=== Records supplied ===
☆ ☆ ☆ ☆ ☆
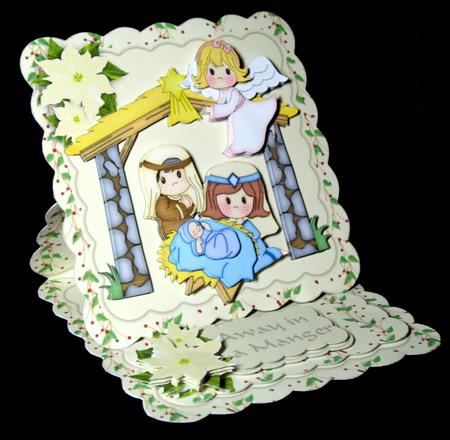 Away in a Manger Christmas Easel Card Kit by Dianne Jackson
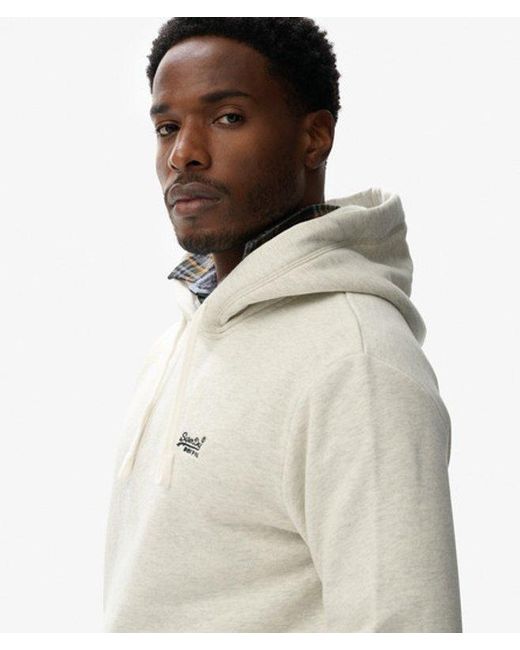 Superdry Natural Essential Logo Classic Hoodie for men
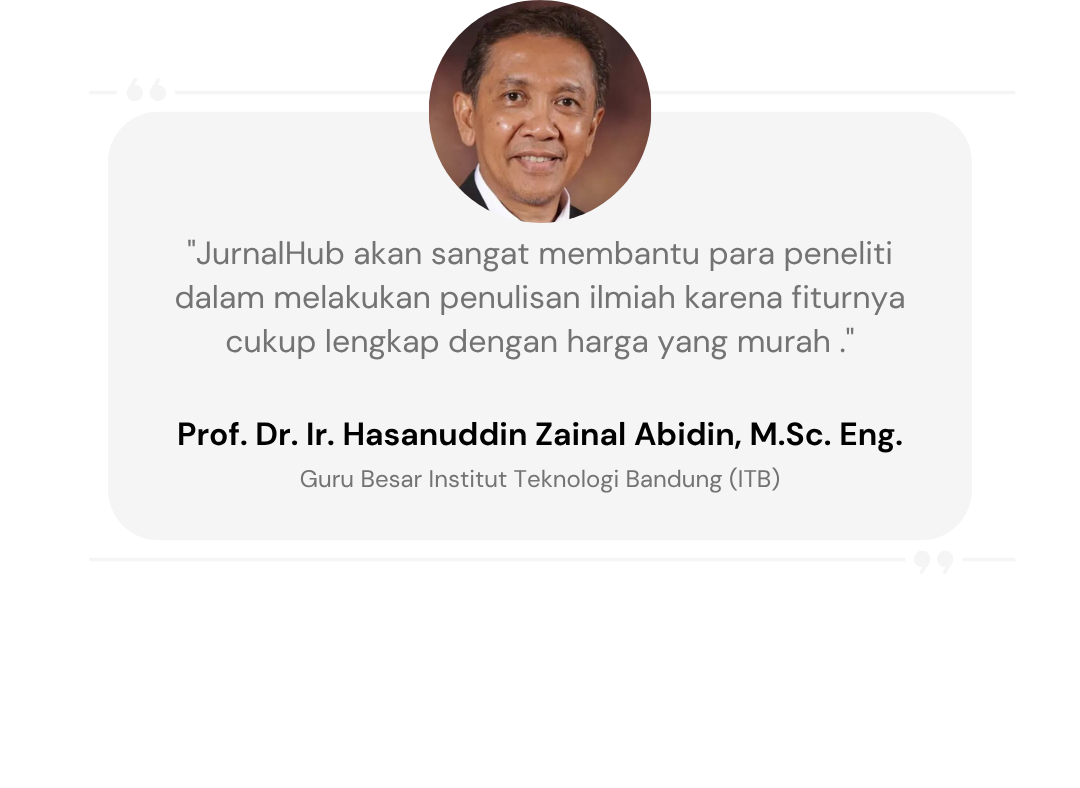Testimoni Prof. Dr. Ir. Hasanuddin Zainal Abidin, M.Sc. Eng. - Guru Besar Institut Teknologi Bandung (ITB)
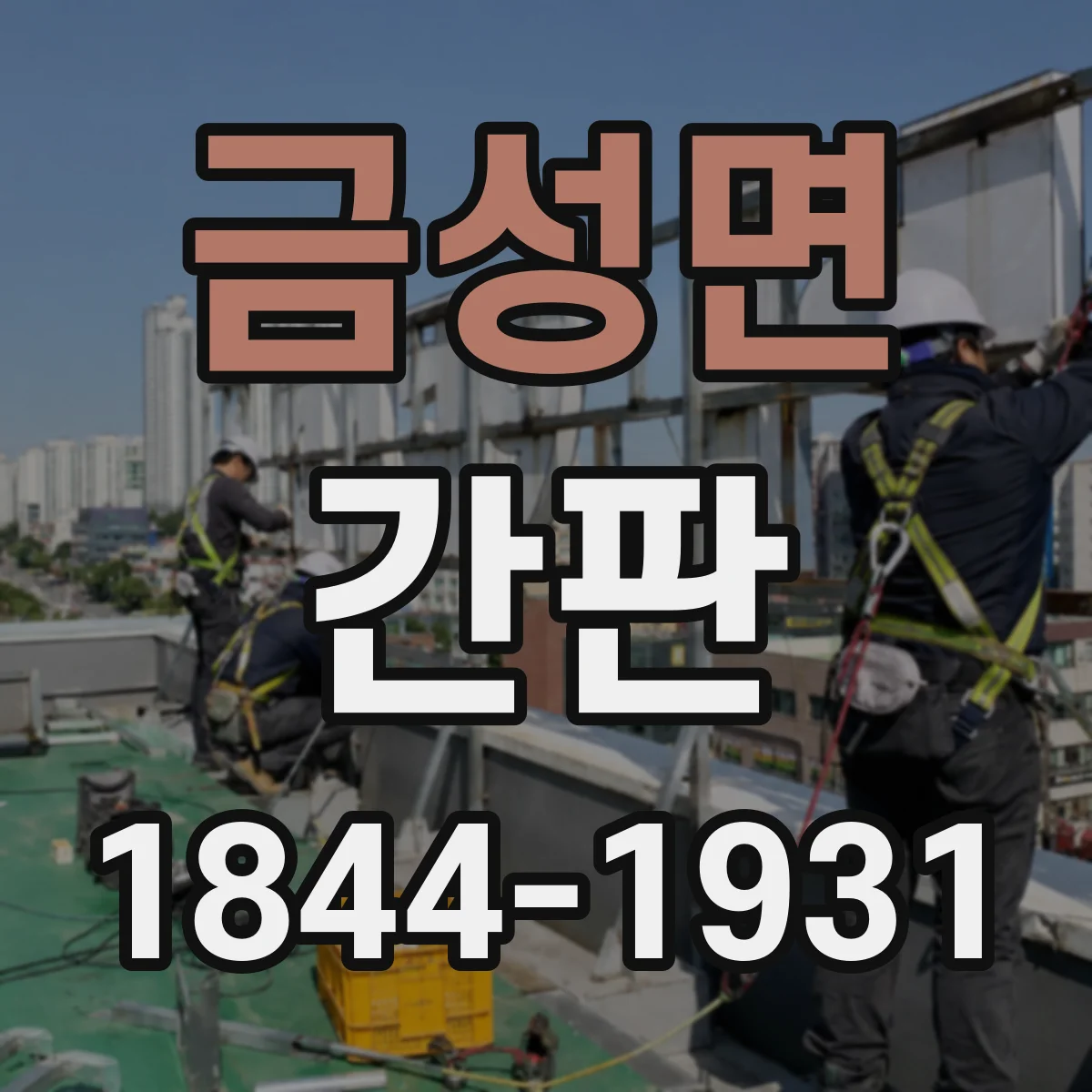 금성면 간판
☆ ☆ ☆ ☆ ☆
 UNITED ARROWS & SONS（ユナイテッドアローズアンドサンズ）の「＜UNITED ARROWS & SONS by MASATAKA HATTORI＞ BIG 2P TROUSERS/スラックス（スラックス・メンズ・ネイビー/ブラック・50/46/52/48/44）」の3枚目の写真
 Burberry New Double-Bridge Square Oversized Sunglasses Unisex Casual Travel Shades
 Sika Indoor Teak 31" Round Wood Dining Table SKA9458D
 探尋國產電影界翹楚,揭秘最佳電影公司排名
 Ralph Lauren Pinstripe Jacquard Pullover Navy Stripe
☆ ☆ ☆ ☆ ☆
=== What you need to do ===
Within the listing above, locate the line containing "探尋國產電影界翹楚,揭秘最佳電影公司排名" and the line containing "Ralph Lauren Pinstripe". Reproduce those two lines and all lines between them exactly, with nothing added.

=== Task response ===
 探尋國產電影界翹楚,揭秘最佳電影公司排名
 Ralph Lauren Pinstripe Jacquard Pullover Navy Stripe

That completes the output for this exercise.